Monday, Sep. 07, 1942

China Swashbuckler

Somewhere between Miami and India last week was a mystery man of U.S. aviation; a man who has concocted one big international aviation deal after another, yet is almost unknown to U.S. citizens. His name: William Douglas Pawley. His business; dabbling in anything that flies --usually at a profit.

Swashbuckling Bill Pawley started his fabulous career at 18, when he wangled a job with a New York export firm selling diving suits to Venezuela pearl divers. Since then he has led an up-&-down life that would fill several dime thrillers, has got rich and gone broke in such disparate ventures as peddling old Haitian ships to the U.S. Government in World War I; driving a milk truck in Wilmington; buying and selling land in Florida's real estate boom of the '20s.

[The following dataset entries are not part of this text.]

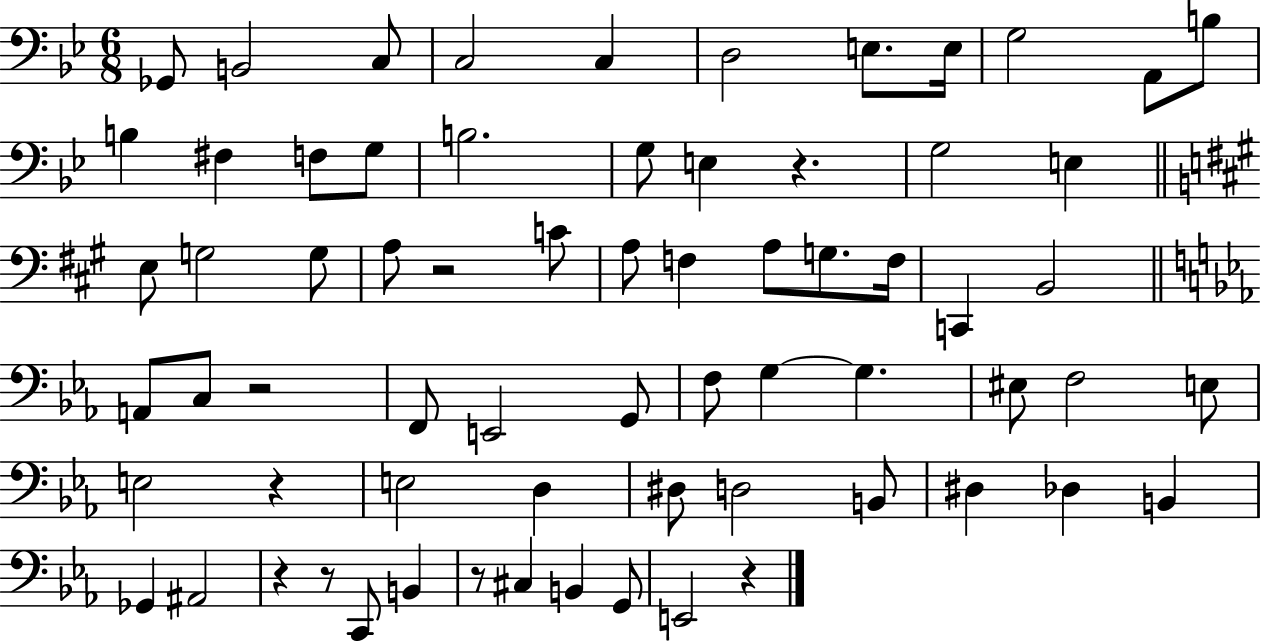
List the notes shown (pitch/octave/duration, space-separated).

Gb2/e B2/h C3/e C3/h C3/q D3/h E3/e. E3/s G3/h A2/e B3/e B3/q F#3/q F3/e G3/e B3/h. G3/e E3/q R/q. G3/h E3/q E3/e G3/h G3/e A3/e R/h C4/e A3/e F3/q A3/e G3/e. F3/s C2/q B2/h A2/e C3/e R/h F2/e E2/h G2/e F3/e G3/q G3/q. EIS3/e F3/h E3/e E3/h R/q E3/h D3/q D#3/e D3/h B2/e D#3/q Db3/q B2/q Gb2/q A#2/h R/q R/e C2/e B2/q R/e C#3/q B2/q G2/e E2/h R/q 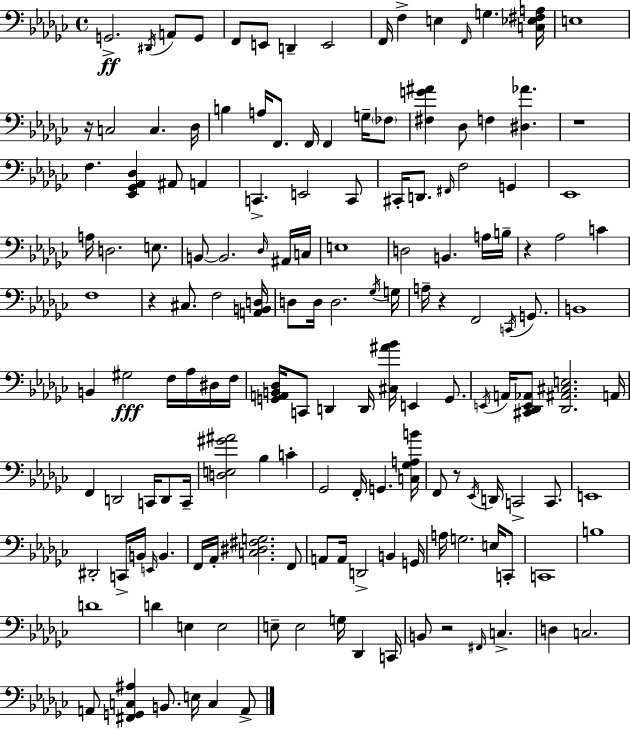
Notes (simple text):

G2/h. D#2/s A2/e G2/e F2/e E2/e D2/q E2/h F2/s F3/q E3/q F2/s G3/q. [C3,Eb3,F#3,A3]/s E3/w R/s C3/h C3/q. Db3/s B3/q A3/s F2/e. F2/s F2/q G3/s FES3/e [F#3,G4,A#4]/q Db3/e F3/q [D#3,Ab4]/q. R/w F3/q. [Eb2,Gb2,Ab2,Db3]/q A#2/e A2/q C2/q. E2/h C2/e C#2/s D2/e. F#2/s F3/h G2/q Eb2/w A3/s D3/h. E3/e. B2/e B2/h. Db3/s A#2/s C3/s E3/w D3/h B2/q. A3/s B3/s R/q Ab3/h C4/q F3/w R/q C#3/e. F3/h [A2,B2,D3]/s D3/e D3/s D3/h. Gb3/s G3/s A3/s R/q F2/h C2/s G2/e. B2/w B2/q G#3/h F3/s Ab3/s D#3/s F3/s [G2,A2,B2,Db3]/s C2/e D2/q D2/s [C#3,A#4,Bb4]/s E2/q G2/e. E2/s A2/s [C#2,Db2,E2,Ab2]/e [Db2,A#2,C#3,E3]/h. A2/s F2/q D2/h C2/s D2/e C2/s [D3,E3,G#4,A#4]/h Bb3/q C4/q Gb2/h F2/s G2/q. [C3,Gb3,A3,B4]/s F2/e R/e Eb2/s D2/s C2/h C2/e. E2/w D#2/h C2/s B2/s E2/s B2/q. F2/s Ab2/s [C3,D#3,F#3,G3]/h. F2/e A2/e A2/s D2/h B2/q G2/s A3/s G3/h. E3/s C2/e C2/w B3/w D4/w D4/q E3/q E3/h E3/e E3/h G3/s Db2/q C2/s B2/e R/h F#2/s C3/q. D3/q C3/h. A2/e [F#2,G2,C3,A#3]/q B2/e. E3/s C3/q A2/e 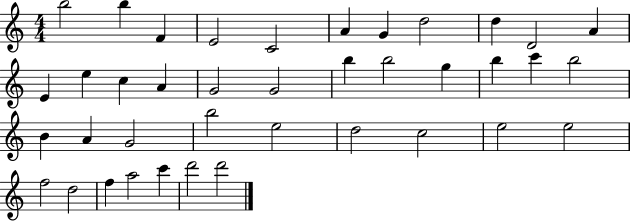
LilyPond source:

{
  \clef treble
  \numericTimeSignature
  \time 4/4
  \key c \major
  b''2 b''4 f'4 | e'2 c'2 | a'4 g'4 d''2 | d''4 d'2 a'4 | \break e'4 e''4 c''4 a'4 | g'2 g'2 | b''4 b''2 g''4 | b''4 c'''4 b''2 | \break b'4 a'4 g'2 | b''2 e''2 | d''2 c''2 | e''2 e''2 | \break f''2 d''2 | f''4 a''2 c'''4 | d'''2 d'''2 | \bar "|."
} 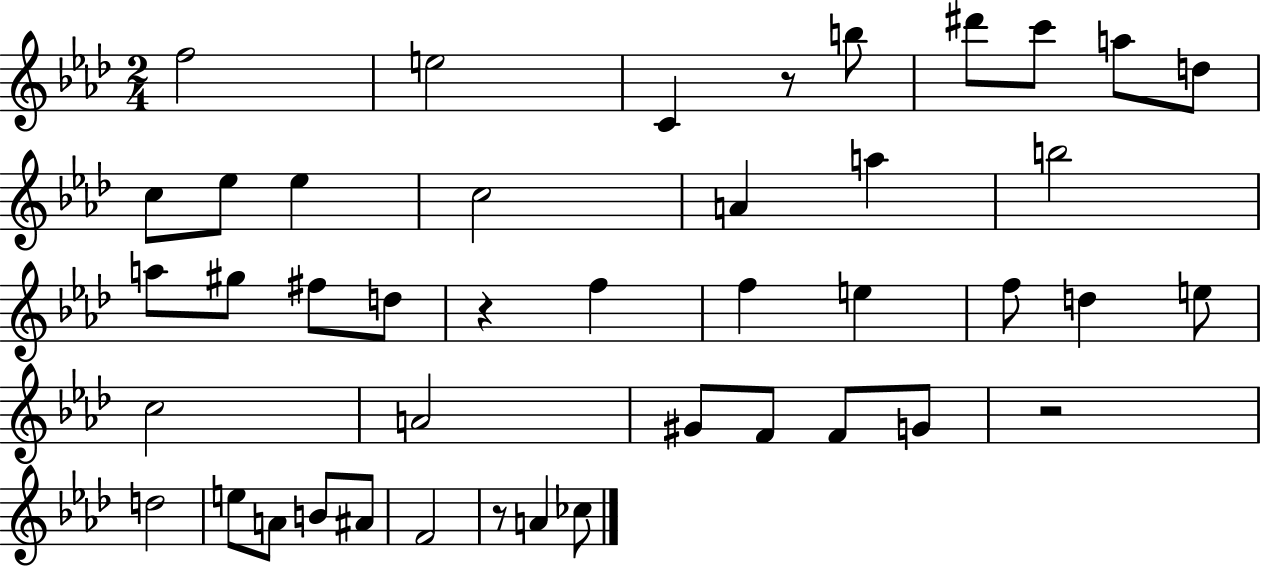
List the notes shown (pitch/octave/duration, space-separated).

F5/h E5/h C4/q R/e B5/e D#6/e C6/e A5/e D5/e C5/e Eb5/e Eb5/q C5/h A4/q A5/q B5/h A5/e G#5/e F#5/e D5/e R/q F5/q F5/q E5/q F5/e D5/q E5/e C5/h A4/h G#4/e F4/e F4/e G4/e R/h D5/h E5/e A4/e B4/e A#4/e F4/h R/e A4/q CES5/e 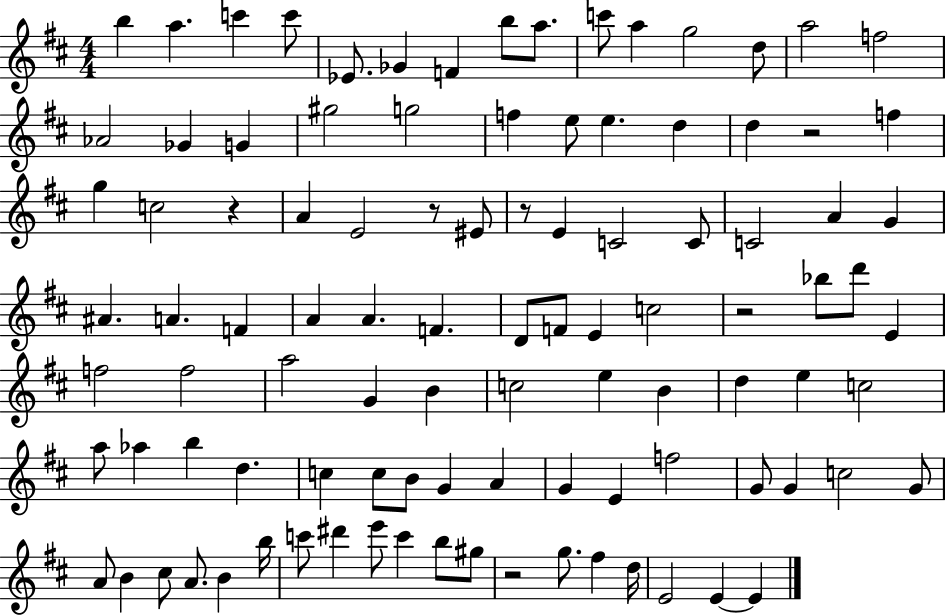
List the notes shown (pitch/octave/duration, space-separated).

B5/q A5/q. C6/q C6/e Eb4/e. Gb4/q F4/q B5/e A5/e. C6/e A5/q G5/h D5/e A5/h F5/h Ab4/h Gb4/q G4/q G#5/h G5/h F5/q E5/e E5/q. D5/q D5/q R/h F5/q G5/q C5/h R/q A4/q E4/h R/e EIS4/e R/e E4/q C4/h C4/e C4/h A4/q G4/q A#4/q. A4/q. F4/q A4/q A4/q. F4/q. D4/e F4/e E4/q C5/h R/h Bb5/e D6/e E4/q F5/h F5/h A5/h G4/q B4/q C5/h E5/q B4/q D5/q E5/q C5/h A5/e Ab5/q B5/q D5/q. C5/q C5/e B4/e G4/q A4/q G4/q E4/q F5/h G4/e G4/q C5/h G4/e A4/e B4/q C#5/e A4/e. B4/q B5/s C6/e D#6/q E6/e C6/q B5/e G#5/e R/h G5/e. F#5/q D5/s E4/h E4/q E4/q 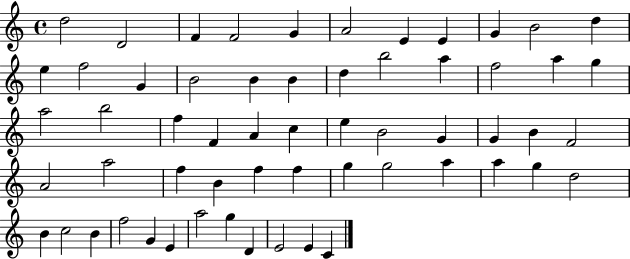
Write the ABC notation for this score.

X:1
T:Untitled
M:4/4
L:1/4
K:C
d2 D2 F F2 G A2 E E G B2 d e f2 G B2 B B d b2 a f2 a g a2 b2 f F A c e B2 G G B F2 A2 a2 f B f f g g2 a a g d2 B c2 B f2 G E a2 g D E2 E C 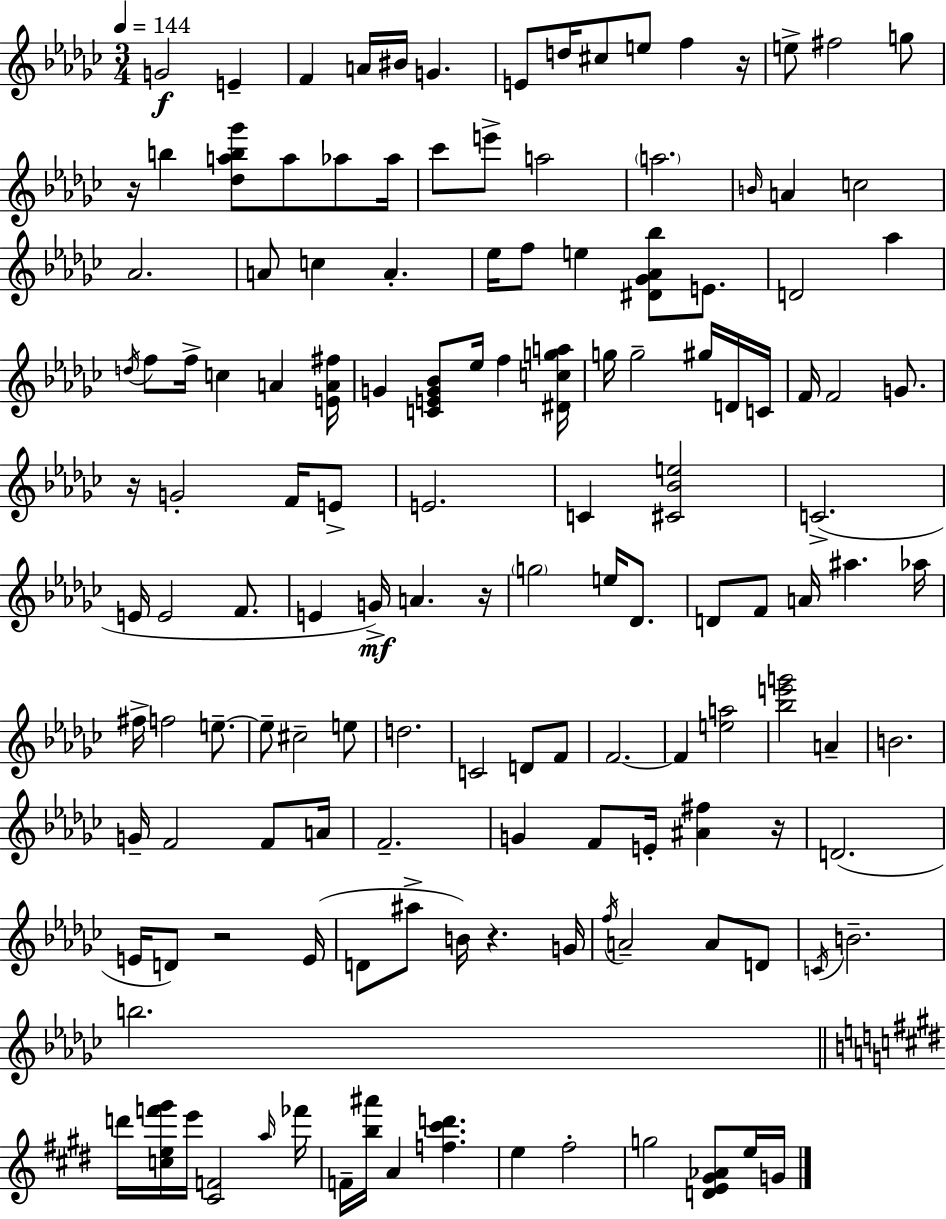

Florida to Bangalore. It was Florida real estate that led him--with Pawley luck and Pawley supersalesmanship--into aviation. After selling some airfields to the old Curtis-Wright Flying Service, he bootstrapped himself into the vice president's chair of a Cuban flying service. He finally sold out at a sweet profit to Pan American Airways which just then was getting a start in Latin America.

Back from Cuba in 1932, he wound up as head of a Sperry subsidiary which owned a big chunk of China National Aviation Corp., an airline running between Hong Kong and Shanghai. Go-Getter Pawley went to China to see why C.N.A.C. was not coining money. The reasons are not on the record, but he finally sold out to Pan Am again. By that time Bill Pawley had made pals of China's bankers T. V. Soong and Dr. H. H. Kung--not to mention Generalissimo Chiang Kaishek. Soon he convinced them that China needed its own airplane factory with Bill Pawley to build and run it.

Since then his Central Aircraft Manufacturing Co. of China has built and sold more than $30,000,000 worth of planes and repair services to China, has built and operated three different plants as the Japanese bombed them out. Profit to Pawley: up to $1,000,000 a year. First Pawley was at Shanghai; then at Hankow up the Yangtze (where he made 78 bombers and repaired 90 fighters); finally at Loi Wing just over the border from Burma. The Japs caught up with his $1,000,000 Loi Wing factory, just after he had trucked most of its machinery and equipment over the Indian border to the $3,000,000 Bangalore plant he had persuaded the Indian Government to build in 1940.

Another Pawley contribution to China was to help sell the U.S. Government on the idea of the now-legendary A.V.G.--the Flying Tigers. He began touting the scheme in 1939, but it was two years before Washington adopted the idea. But with typical Pawley luck he still got under the wire: when the Japs bombed Pearl Harbor there were 100 Jap-shooting U.S. flyers in China and the A.V.G. was on the road to fame.

Bill Pawley was back in his 20-room Miami home a few weeks ago tying up the loose ends of his U.S. business, selling his newly established Intercontinent Aircraft Corp. (biggest Florida war plant) to Vultee Aircraft. Then he hopped off for India to take charge of his big Bangalore plant for at least a year. This will mean a lot of work; Bangalore already employs 5,000 native laborers and 35 U.S. supervisors, turns out three kinds of planes (engines are imported) and one glider model, keeps the R.A.F., the Indian Air Force, the U.S. Fleet's air arm and the Chinese Air Force in repair.

But in Bill Pawley's mind everything he has ever done plays second fiddle to his part in organizing the Flying Tigers. He thinks they were the fighting group which kept China in the war. Says he with perhaps pardonable pride: ". . . Unquestionably I have been one of the prime contributors to China's defense."